Without successful learning, we cannot move forward as a society.
One way to ensure students get the education they need to succeed in a changing world is to make sure schools have quality staff and conditions that allow for the best learning environment possible.
That requires proper funding, which the lack of has increasingly led to referendums.
This project was warranted because I feel sometimes we get so focused on what’s happening in our local community, we neglect to look at the big picture.
Make no mistake, Wisconsin’s school funding formula is one of the biggest pictures to look at.
Trying to sum up our 10,000-word series here would be futile, so here are a few of my key takeaways.
• Since 2016, seven of every 10 of Wisconsin’s 421 school districts have gone to referendum.
Of those, nearly two-thirds have passed.
The reason for such a high number of referendums is due to limitations or restrictions in the school funding formula.
The current school funding formula is like a layer cake, but every layer is different in size and ingredients, leaving a less-than-desirable final product.
Our first part took an in-depth look at how schools are funded, and how referendums are now the most popular way to search for solutions.
• The bigger a school district, the bigger the problems and the stakes.
Last April, Racine passed a $1 billion referendum by five votes. It will help replace some district buildings which date as far back as the Civil War.
Green Bay passed two referendums in 2017 and is already in the process of planning its next ask of the community, something that takes about 18 months to execute properly.
The largest cities in Wisconsin, Milwaukee and Madison, also recently had to go to taxpayers to find a way to properly fund education to the tune of hundreds of millions of dollars.
• Finally, this isn’t something just affecting big school districts.
Locally, Howard-Suamico has gone to referendum nine times since 2005.
Its administrative team has done a great job in getting voter approval seven of those times, but that much effort to try and get on level footing funding-wise has fundamentally changed the education system, with district leaders having to keep an eye on the future in perpetuity.
The same can be said for every district in Greater Green Bay.
Every district in Greater Green Bay passed at least one referendum since 2015.
After countless hours of research, interviews, writing and editing, we’ve concluded the solution is to reset the revenue caps, or at the very least, adjust them.
Every district has a cap that limits what they are able to tax.
Once reset, these caps should not be dependent on student enrollments, which have been declining for the past decade.
The school funding formula is nearly 30 years old.
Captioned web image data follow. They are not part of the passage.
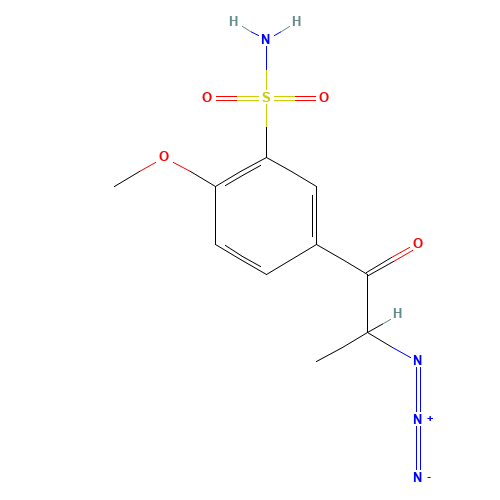 2-Azido-1-(4'-methoxy-3'-sulfonamidophenyl)-1-propanone (CAS: 1189968-86-2) - Related Chemical Product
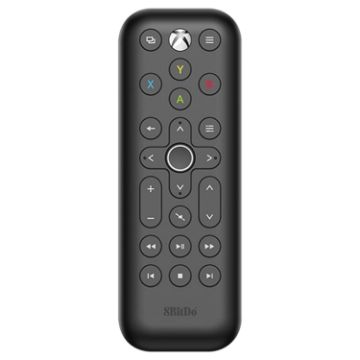 8BitDo Backlit Key Media Remote for Xbox, Short Version (Black) - 1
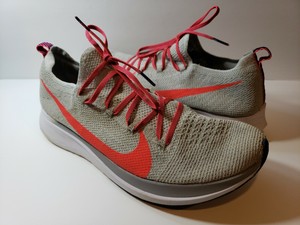 nike zoom fly flyknit pure platinum bright crimson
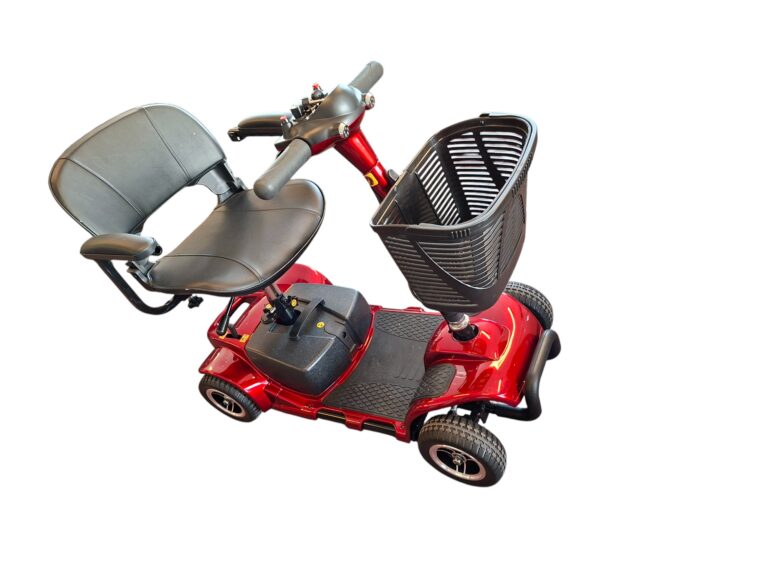 Rode compacte scootmobiel, demontabel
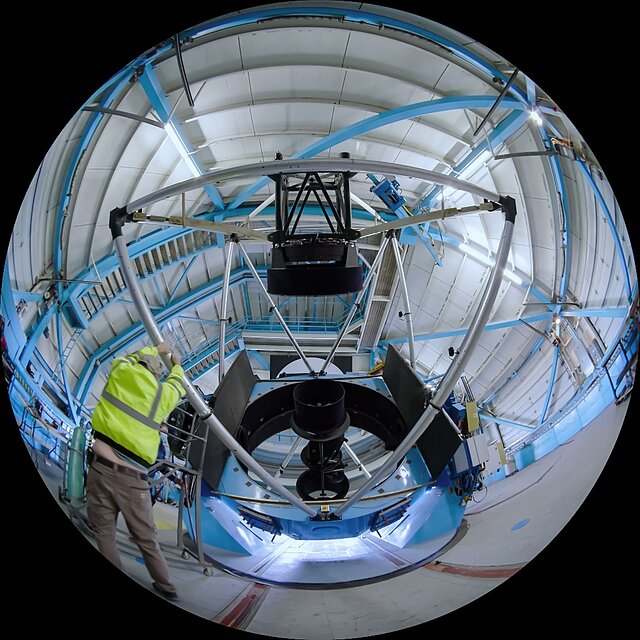 WIYN 3.5-meter Telescope Interior Fulldome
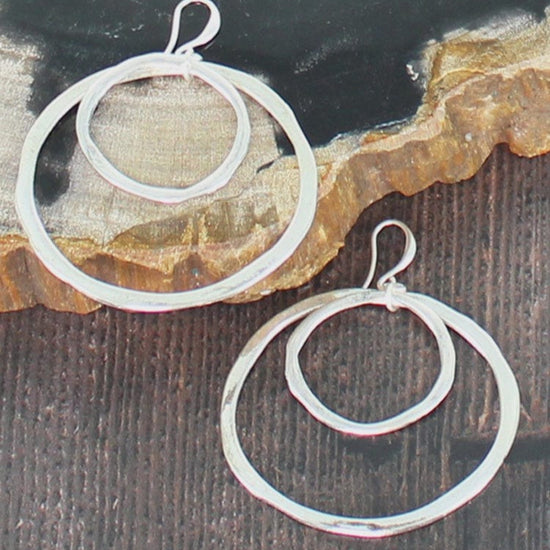Suzie Blue Jewellery Suzie Blue Double Ring Circular Earrings
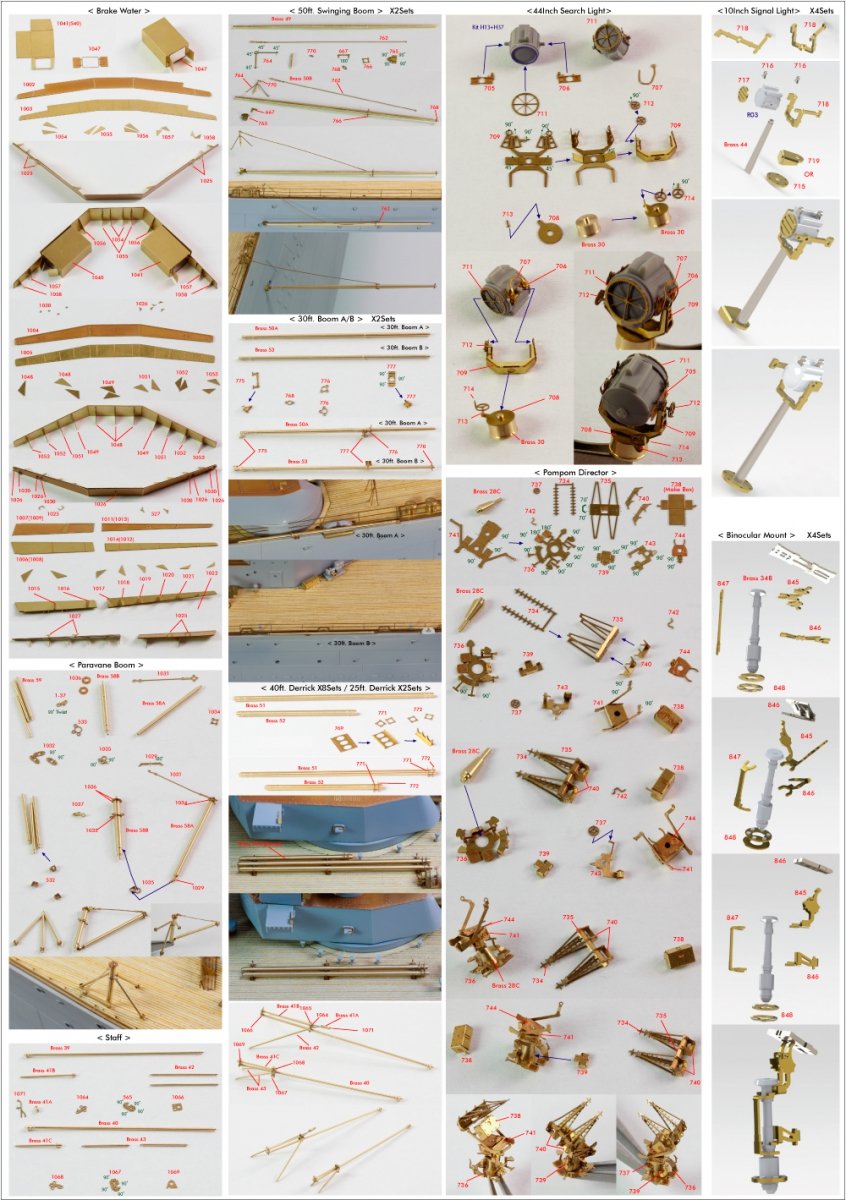Pontos 23007F1 HMS RODNEY 1942 Detail Up Set 1/200 – imagen 9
I can point to several areas in Brown County that look vastly different now than they did 30 years ago.
Things change as time passes, and the revenue caps have been increased and tweaked over the years.
But interestingly enough, as those cap increases slowed, stopped or even went down over the past decade, the number of referendums passing has greatly increased.
Those caps increased 6% over the past decade, while inflation went up 17% cumulatively over that same period.
Lawmakers in Madison need to understand when they adjust those revenue caps, they are ultimately adjusting what their constituents pay in property taxes and placing districts in need of referendums.
Reset the revenue caps, don’t tie the number to student enrollment and let’s give all students in Wisconsin a better chance to succeed.